São Paulo, Brazil – Last week, the Brazilian Supreme Court pressed the first charges against those involved in the January 8 coup acts. So far, 300 people are being prosecuted for their involvement in the vandalism of the federal government, Congress and the Supreme Court buildings in Brasília, the country’s capital.
The defendants are being charged for criminal association, public incitement to the animosity of the Armed Forces against constitutional powers, violent abolition of the democratic rule of law, coup attempt and damage qualified by violence and serious threat against the property of the Brazilian State.
The rapporteur for the lawsuits on the Supreme Court, Judge Alexandre de Moraes, said that the defendants tried to “destroy the democratic regime and its institutions, preaching violence, tyranny, arbitrariness and the breach of republican principles.”
He said that the Constitution does not allow the propagation of ideas against the democratic rule of law, not even public demonstrations that seek to break it. According to Moraes, acts that aim to control or destroy “the strength of critical thinking” and democratic institutions are unconstitutional.
“There will not be a democratic rule of law without state powers which are independent and in harmony with each other, as well as the provision of fundamental rights and instruments that enable the inspection and perpetuity of these requirements,” said the judge.
So far, the Public Prosecutor’s Office has filed complaints against 1,390 people. In the coming days, the Supreme Court will analyze the charges against another 250 involved in the attack. The situation is unprecedented for the court, which had never dealt with so many simultaneous charges concerning the same case.
The Supreme Court hence chose to deal with the accusations via virtual sessions. It is expected that all 1,390 complaints will be considered by June. After that, the lawsuits will begin to be judged, but there is no date for the sentences to be determined.
According to court data, of the 1,400 arrested after the acts of vandalism, 294 remain detained in Brasília – 86 women and 208 men. The others were released because they no longer represented a risk to the investigations.
Remembering what happened
A week after President Luiz Inácio Lula da Silva took office, supporters of former President Jair Bolsonaro committed a series of acts of vandalism in Brasília. Angered by the former president’s defeat in the 2022 election, around four thousand people invaded and destroyed the headquarters of the federal government, the Congress and the Supreme Court.
The police and the government of Brasília were accused of omission, for not having acted forcefully to prevent the attack, which lasted almost four hours.
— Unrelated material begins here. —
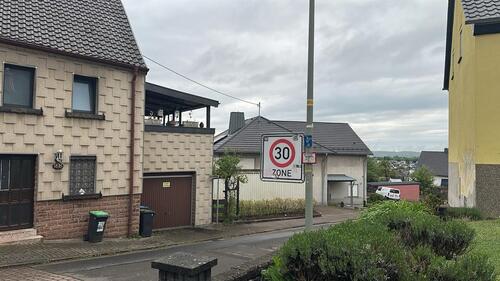 Foto - 7 Zimmer Doppelhaushälfte in Merchweiler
The security secretary of Brasilia was arrested and the governor was removed from office for 90 days due to failure in security planning, which allowed the depredation of public buildings.
Numerous equipment, works of art and historical pieces were destroyed during the attack. The federal government decreed intervention in the security of Brasília, which was carried out by the Lula’s administration, and not by the state, for about a month, until the situation was fully under control.
Camps in front of Army barracks, set up by Bolsonaro’s supporters who questioned Lula’s victory in the election, were also dismantled after January 8. The Federal Police began to investigate not only the people who participated in the destruction of the buildings, but also the financiers and supporters of the attack, including Bolsonaro, who gave a testimony last week.